Effective Methods and Ways of Deindexing

Ways of deindexing

Author:: Carlos Sánchez in ahrefs
Topics:: Crawling; Metatags

Publication Date:: 2025-12-05
Last Review:: 2026-03-02

In SEO, just like in life, there are many ways to reach the same destination — although sometimes with different results.

In today’s article, we will review the different ways to deindex a website, their effects on positioning, the most suitable scenarios to apply them, their limitations, and the myths and controversies that usually surround them.

We will review different ways to implement various deindexing methods and their effects.

Method	Deindex	Effectiveness	Expiration / Permanence
noindex in <meta>	Yes	High	Permanent
noindex in HTTP header	Yes	High	Permanent
unavailable_after	Partial	Low	Depends on crawling (unreliable)
4XX code (404, 410…)	Yes	Very high	Permanent
5XX code	Eventual	Medium	After one month
3XX code (301, 308)	Indirect	High	Permanent
3XX code (302, 307)	Indirect	Medium	Temporary
Meta refresh / JS redirect	Indirect	Low	Temporary
Search Console tool	Yes	High (temporary)	Google: 6 months / Bing: 3 months
IndexNow	Yes	High	Depends on method sent (404, noindex…)
Indexing API (Google)	Yes	Very high	Immediate
robots.txt	No	Low	Uncertain
Internal nofollow	Indirect	Very low	Depends on the case
hreflang without local version	Partial	Very low	Uncertain
Orphan pages	Partial	Low	Long-term
Misconfigured canonical	Partial	Medium	Uncertain
Rendering issues	Partial	Variable	Uncertain
Thin Content	Partial	Variable	Uncertain
CDN Blocking	Yes	Very high	Immediate
Crawl limit	Partial	Medium	Intermittent
Robots.txt with 5XX	Yes	High	Gradual, starting after one month

Noindex

It is a directive for search engines like Google or Bing, and it can be inserted either through HTML meta tags (always in the Head) or through HTTP headers.

Through meta tags

With the well-known “meta robots” tag we can prevent the indexing of the HTML page we choose:
<meta name="robots" content="noindex">

Through HTTP header

There are elements such as PDFs which, because they are not HTML, can only be correctly assigned a noindex through the HTTP header. This method is known as x-robots.

Screenshot of Ahrefs Site Audit

Regardless of the method used or the order in which it appears, the presence of a noindex directive causes the page not to be indexed or to be deindexed. Even if other tags indicate otherwise, the noindex instruction prevails, as long as the page is crawlable. In meta tags, the most restrictive one will take priority.

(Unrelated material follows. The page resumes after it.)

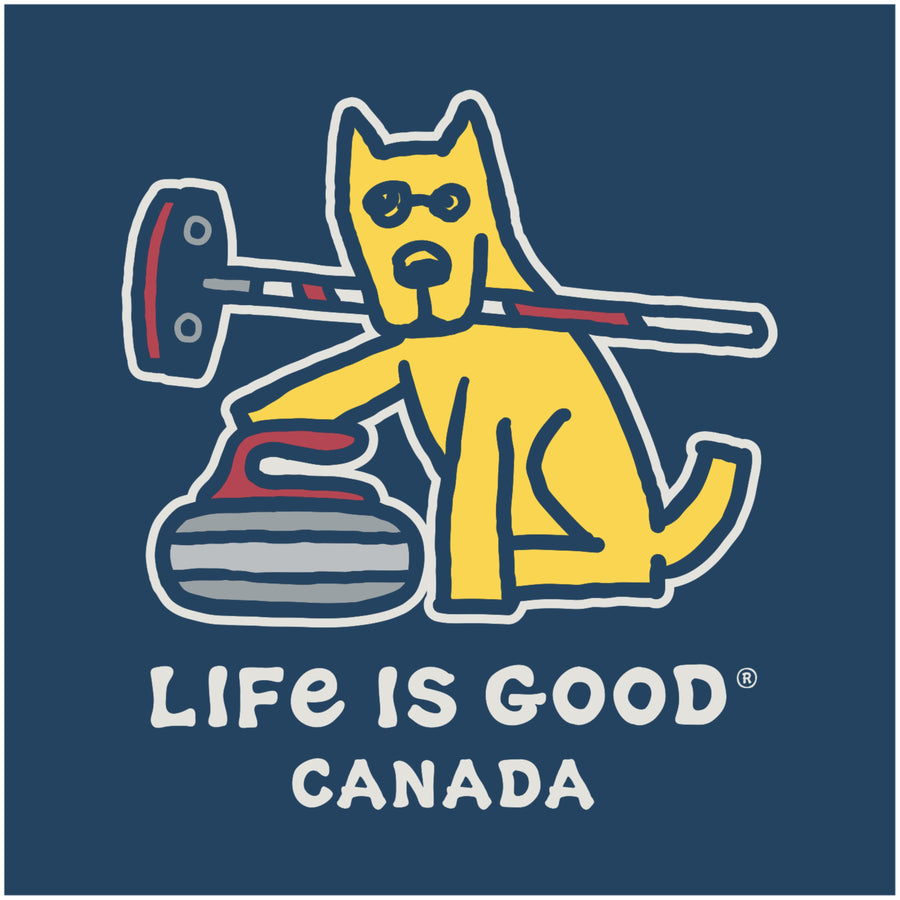Life is Good Men's Rocket Curling Canada Short Sleeve Crusher Tee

Noindex in specific search engines

In any case, you can also be more specific and prevent indexing by a particular search engine. You would do this by replacing the word “robots” with the user-agent of the search engine in question:

Only to prevent indexing in Google:

<meta name="googlebot" content="noindex">

Only to prevent indexing in Bing:

<meta name="bingbot" content="noindex">

Although in practice, most of the time if someone wants to prevent indexing in one search engine, they do not want indexing in others either. And although it is true that it can be done with programming and that you could serve the HTML robots only to certain user-agents, this is a fairly lightweight HTML standard that allows auditing with a lower margin of human error.

Unavailable after

According to Google’s documentation, in the robots meta tag there is another attribute that Google can use, but we must be cautious with it.

The reason to be cautious is that if Google reads the meta tag after the given date, it might consider the page indexable.

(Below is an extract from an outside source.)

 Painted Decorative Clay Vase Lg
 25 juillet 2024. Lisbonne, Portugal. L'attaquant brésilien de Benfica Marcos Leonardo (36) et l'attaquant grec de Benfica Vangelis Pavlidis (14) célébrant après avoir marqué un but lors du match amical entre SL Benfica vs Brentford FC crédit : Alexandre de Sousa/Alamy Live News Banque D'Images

<meta name="robots" content="unavailable_after: 2020-09-21">

However, tests have also been carried out with days of difference where Google continues considering the page indexable despite having had time to crawl it and later deindex it. The results show that the page remains indexable:

I told John Mueller that I ran a test with the tag <meta name="robots" content="unavailable_after: 2025-05-24">, because according to Google’s official documentation (updated in March 2025), it is still valid. I told him that Googlebot did crawl the page, but in Search Console it appears as indexable, although it is not actually indexed (it is a test page).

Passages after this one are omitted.